▶ _Instructions for the task_:
Write again exactly the lines in the listing below, starting at the line with "Запчасть замок капота BMW 5-series 2010" and ending at the line with "Courtyard By Marriott", both included. Pictures are not copied.

▶ _Extracted records_:
-- Opening Marker --
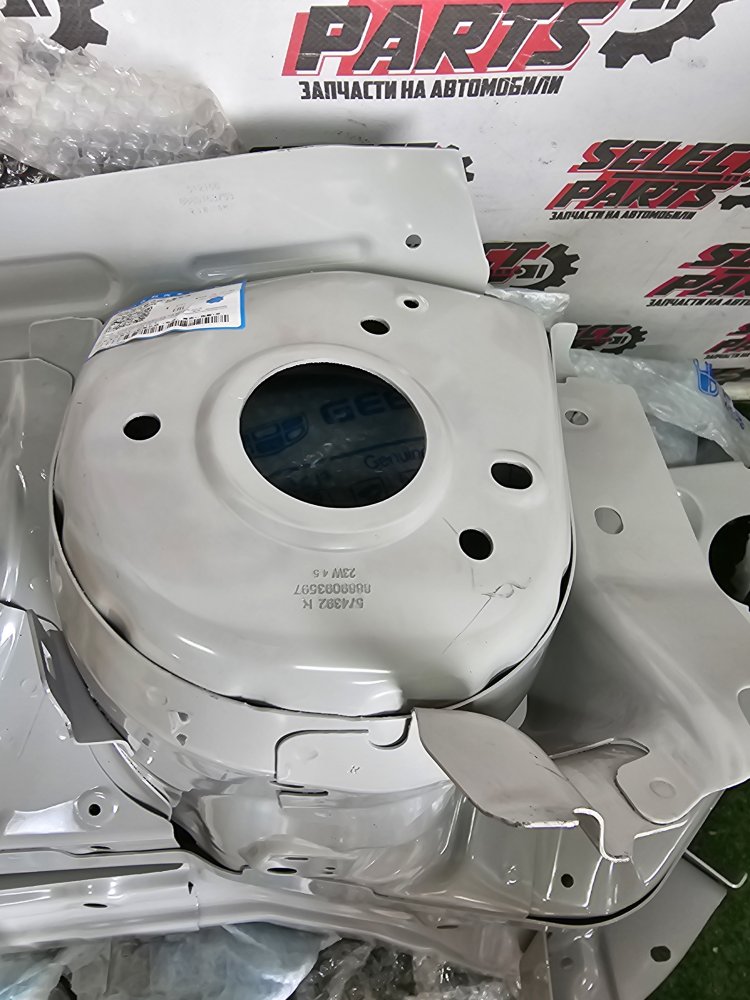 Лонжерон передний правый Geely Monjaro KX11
-- Closing Marker --
-- Opening Marker --
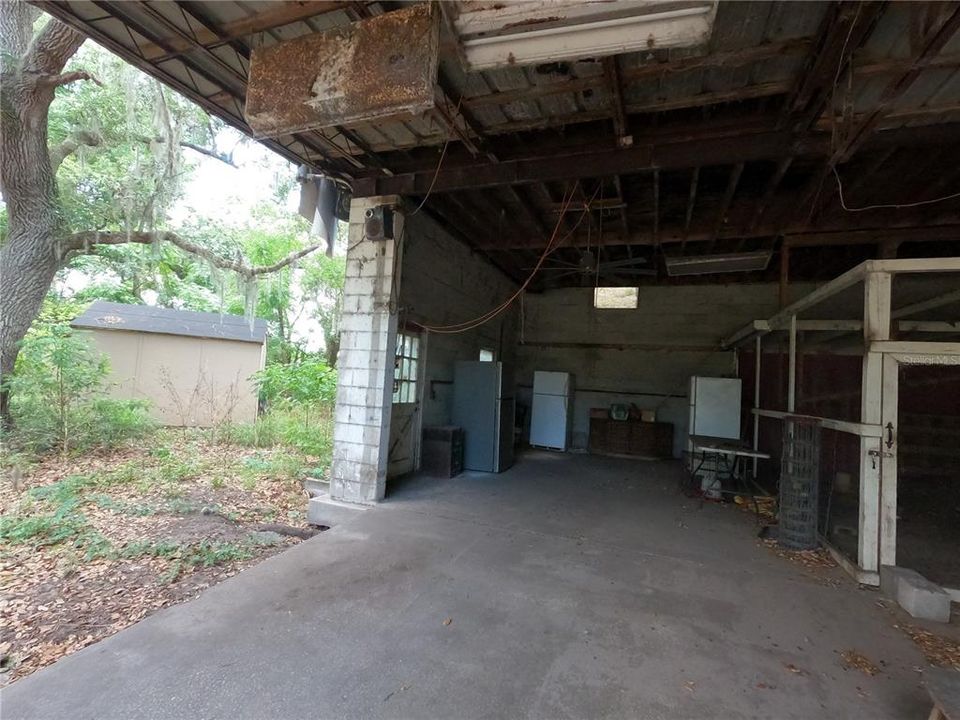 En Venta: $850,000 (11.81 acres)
-- Closing Marker --
-- Opening Marker --
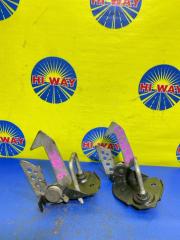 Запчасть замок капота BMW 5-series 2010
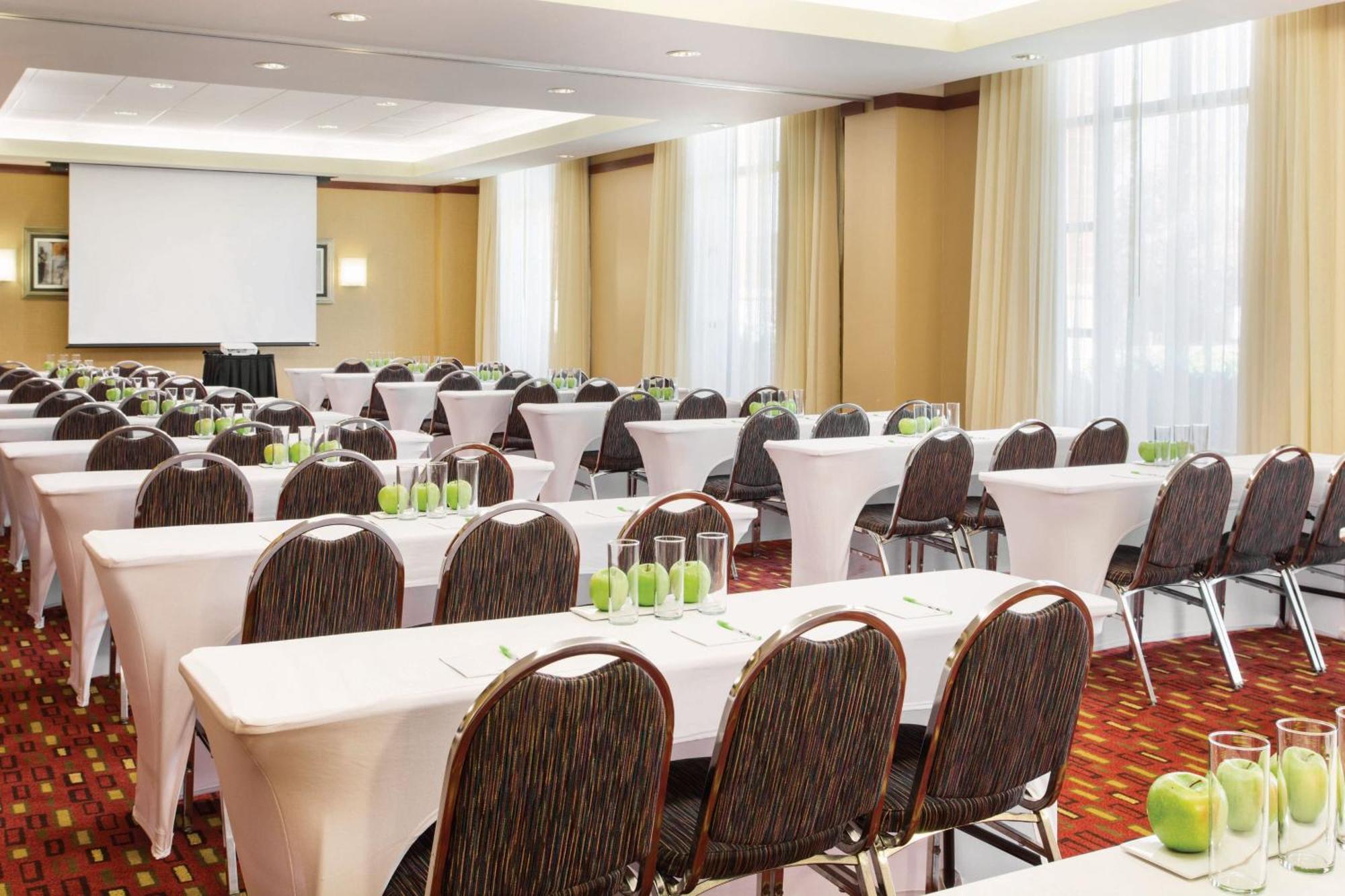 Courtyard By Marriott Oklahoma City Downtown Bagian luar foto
-- Closing Marker --
▶ _Response_:
 Запчасть замок капота BMW 5-series 2010
 Courtyard By Marriott Oklahoma City Downtown Bagian luar foto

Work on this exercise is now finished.